Jesus gives himself to us in the Mass to make us physically one with him in his Eucharist.

Sunday, 6/3/18

We believe that in the Mass the bread and wine are transformed into the Body and Blood of Christ. The consecration  of the Mass gives us the Body of Christ as our  spiritual food, however, that was not Our Lord's purpose in making himself present for us.

We must see the Mass as following the ritual of Jewish sacrificial  meals. The sacrifice had three steps. The first step, known by its Greek name of the Anamnesis, had Jesus as a worshipper, thanking God for his many favors. The second step, known by its Greek name of the Epiclesus, had Jesus and his followers putting themselves in the presence of God. The third step, known by its Greek name of the Eu-charis, had Jesus giving God his love and obedience as a sacrifice.

At the Last Supper it was when Jesus was about to sacrifice himself to God, that he gave his body and blood to the Apostles so that they could physically part of his sacrifice, of his Eu-charis

Likewise, in the Mass the principal reason for Jesus giving himself to us is not to nourish us with the Blessed Sacrament, but to make us body and soul one with him in his sacrifice.

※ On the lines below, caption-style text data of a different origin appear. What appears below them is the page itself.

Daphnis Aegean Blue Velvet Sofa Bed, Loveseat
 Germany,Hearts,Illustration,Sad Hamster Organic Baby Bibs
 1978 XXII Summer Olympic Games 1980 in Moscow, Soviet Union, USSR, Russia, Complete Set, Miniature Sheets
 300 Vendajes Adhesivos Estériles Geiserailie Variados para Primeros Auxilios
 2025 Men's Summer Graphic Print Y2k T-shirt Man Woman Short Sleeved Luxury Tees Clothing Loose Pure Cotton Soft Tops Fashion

Christ's teaching comes to us through the Apostles and their successors.

Saturday, 6/2/18

At the Last Supper Jesus handed on to the Apostles what they would need to know for leading the Church, and he said that the Spirit would lead them to knowledge they were not ready for.

"I have much more to tell you , but you cannot bear it. But when he comes, the Spirit of truth, he will guide you to all truth."

Two centuries later, people began making up their own gospels. Then, the pope called on Irenaeus to straighten out those people. To keep them from making up their own Sacred Scriptures, Irenaeus quoted what Paul wrote to the Christians of Galatia:

 "Even if  an angel from heaven should preach to you a gospel other than the one we preached, let that one be accursed."